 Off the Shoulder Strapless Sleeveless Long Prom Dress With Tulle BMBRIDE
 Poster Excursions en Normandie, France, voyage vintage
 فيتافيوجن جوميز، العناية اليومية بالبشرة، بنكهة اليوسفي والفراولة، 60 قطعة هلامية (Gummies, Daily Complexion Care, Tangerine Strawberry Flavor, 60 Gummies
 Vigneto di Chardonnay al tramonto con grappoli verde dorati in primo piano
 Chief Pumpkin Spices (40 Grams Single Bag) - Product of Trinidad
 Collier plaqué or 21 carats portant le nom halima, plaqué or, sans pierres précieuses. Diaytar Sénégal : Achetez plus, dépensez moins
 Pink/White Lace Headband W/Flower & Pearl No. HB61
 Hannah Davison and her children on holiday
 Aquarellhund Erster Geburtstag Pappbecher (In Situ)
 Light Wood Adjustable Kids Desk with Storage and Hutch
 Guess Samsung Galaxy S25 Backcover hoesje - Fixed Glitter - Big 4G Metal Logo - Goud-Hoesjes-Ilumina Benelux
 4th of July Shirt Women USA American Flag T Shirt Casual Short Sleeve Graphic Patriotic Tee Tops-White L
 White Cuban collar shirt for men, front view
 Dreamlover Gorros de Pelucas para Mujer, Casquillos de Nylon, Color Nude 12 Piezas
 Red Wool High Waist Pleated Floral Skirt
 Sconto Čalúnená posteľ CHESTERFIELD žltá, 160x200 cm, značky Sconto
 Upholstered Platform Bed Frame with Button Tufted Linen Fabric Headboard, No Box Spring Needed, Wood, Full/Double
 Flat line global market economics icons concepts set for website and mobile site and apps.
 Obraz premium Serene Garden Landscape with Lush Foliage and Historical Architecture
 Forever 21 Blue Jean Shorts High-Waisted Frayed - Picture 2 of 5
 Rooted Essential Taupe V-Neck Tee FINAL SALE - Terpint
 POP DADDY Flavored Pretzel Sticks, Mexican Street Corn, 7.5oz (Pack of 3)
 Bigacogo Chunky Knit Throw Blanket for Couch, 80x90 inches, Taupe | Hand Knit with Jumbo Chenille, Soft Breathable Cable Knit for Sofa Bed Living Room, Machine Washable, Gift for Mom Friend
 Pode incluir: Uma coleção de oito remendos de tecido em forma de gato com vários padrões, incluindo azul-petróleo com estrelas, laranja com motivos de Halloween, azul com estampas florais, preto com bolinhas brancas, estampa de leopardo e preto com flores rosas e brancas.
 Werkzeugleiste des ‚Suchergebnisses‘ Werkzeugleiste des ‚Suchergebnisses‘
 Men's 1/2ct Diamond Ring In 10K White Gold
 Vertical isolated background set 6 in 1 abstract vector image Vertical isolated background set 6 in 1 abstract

WHAT TO WORK ON: Using the records above, output exactly the lines from the first through the line that contains "فيتافيوجن جوميز، العناية", with both of those included.

WRITTEN RESPONSE:
 Off the Shoulder Strapless Sleeveless Long Prom Dress With Tulle BMBRIDE
 Poster Excursions en Normandie, France, voyage vintage
 فيتافيوجن جوميز، العناية اليومية بالبشرة، بنكهة اليوسفي والفراولة، 60 قطعة هلامية (Gummies, Daily Complexion Care, Tangerine Strawberry Flavor, 60 Gummies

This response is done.